Problem details:
Reproduce the listing that follows character for character, excluding its pictures.

Data shown:
Content starts
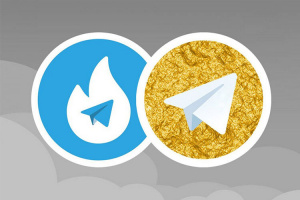 گوگل پلی هاتگرام و تلگرام طلایی را از گوشی کاربران حذف کرد
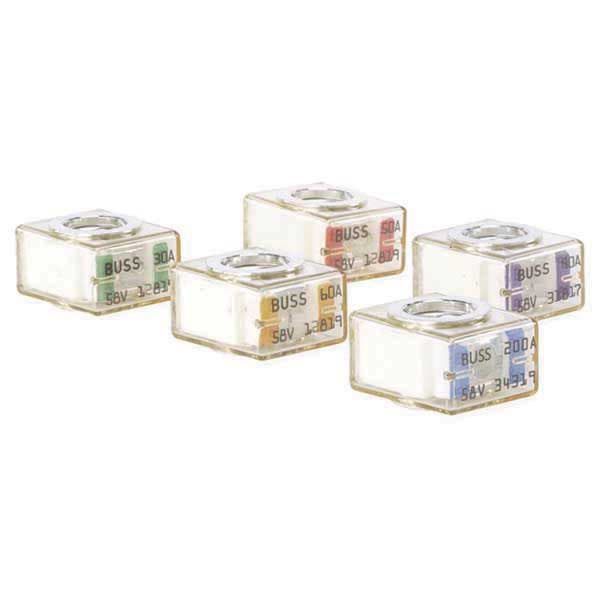 Sierra Sikring Marine Rated Battery Gul 100A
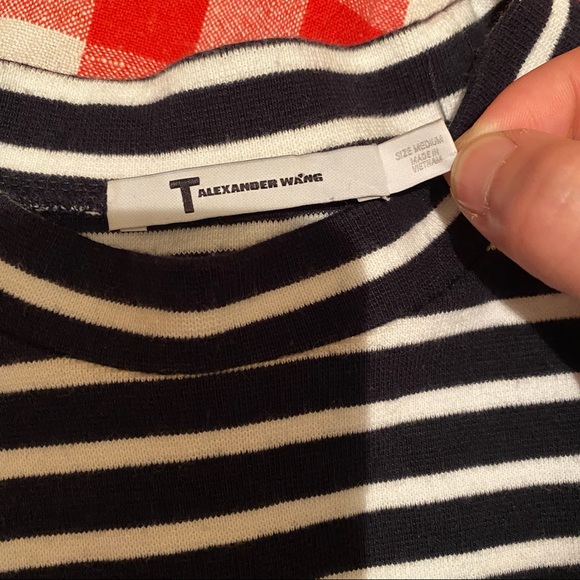Alexander wang T shirts - Picture 2 of 5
Content ends
Task solution:
 گوگل پلی هاتگرام و تلگرام طلایی را از گوشی کاربران حذف کرد
 Sierra Sikring Marine Rated Battery Gul 100A
Alexander wang T shirts - Picture 2 of 5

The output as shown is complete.